My first pass, once I found out how to return something from a function (Logo procedures aren't expressions -- you have to explicitly return) had a line like this:

if (stacks = []) (output [])

Running the procedure gave me the helpful error message:
output didn't output to if in astep
[if (stacks = [] ) (output [] )]


When I remembered that Logo's "if" wants a list of instructions, it clicked with my new nugget of knowledge that literal lists are quoted in Logo. Then I understood what was going on: this "if" is neither a macro (like in Scheme, or most languages) nor lazily evaluated (like Haskell). It's a regular function, but one that expects quoted code to evaluate on demand at runtime. Rubyists and Smalltalkers: this is something like how an if block works for you, yes?

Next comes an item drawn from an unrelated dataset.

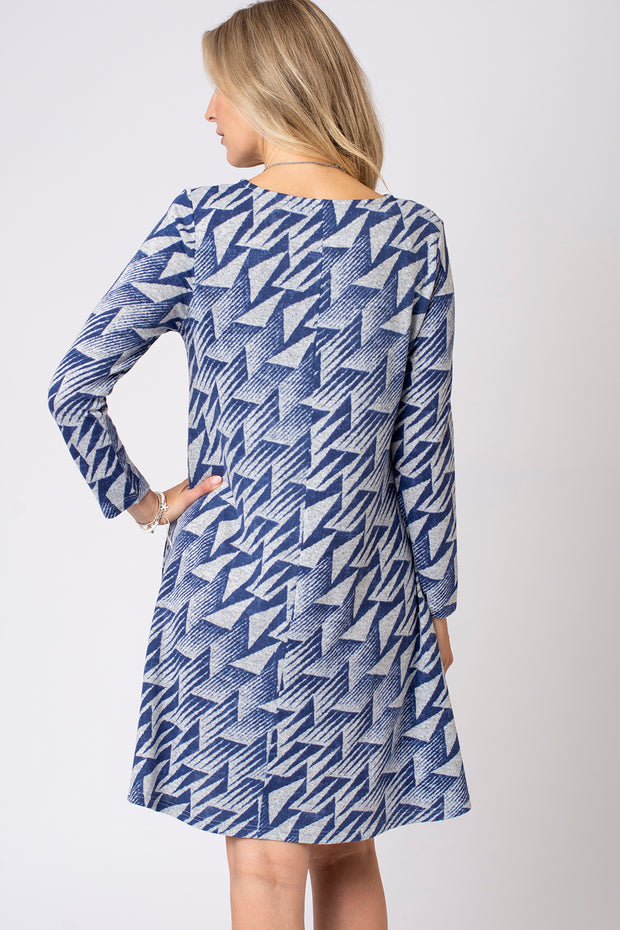 Abstract Geo Print Swing Dress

Here's an analogy into Python, for the non-Lispers out there:

def myIf(tf, truecode, falsecode):
  code = {True : truecode, False : falsecode}
  return eval(code[tf])

>>> myIf(0 == 1, "'it was ' + 'true'", "'it was not true'.upper()")

>>> myIf(0 == 0, "'it was ' + 'true'", "'it was not true'.upper()")
'it was true'

Also, apparently Logo in general has dynamic scope -- which shouldn't surprise me, since lexical scope is relatively new in Lisp. And Berkeley Logo in particular has macros. Maybe my little compiler project is going to be harder than I expected. Honestly, I was imagining I'd be done if I could just parse it, do some simple transformations on the tree and spit JavaScript.


jes5199 said...

I don't know about smalltalk, but in Ruby "if" is just a language construct. It's not a macro or an interpolator, it's just a fancy GOTO statement. You could pretend it's a function that takes three code blocks, but its syntax doesn't match that.

Alex Rudnick said...

Oh! Right on, yes.

This is the difference between "if" being an expression and a control-flow statement: if it's control-flow, then "if" can just be a branch.

Not every language defines its functions as one expression that needs to be evaluated, it turns out...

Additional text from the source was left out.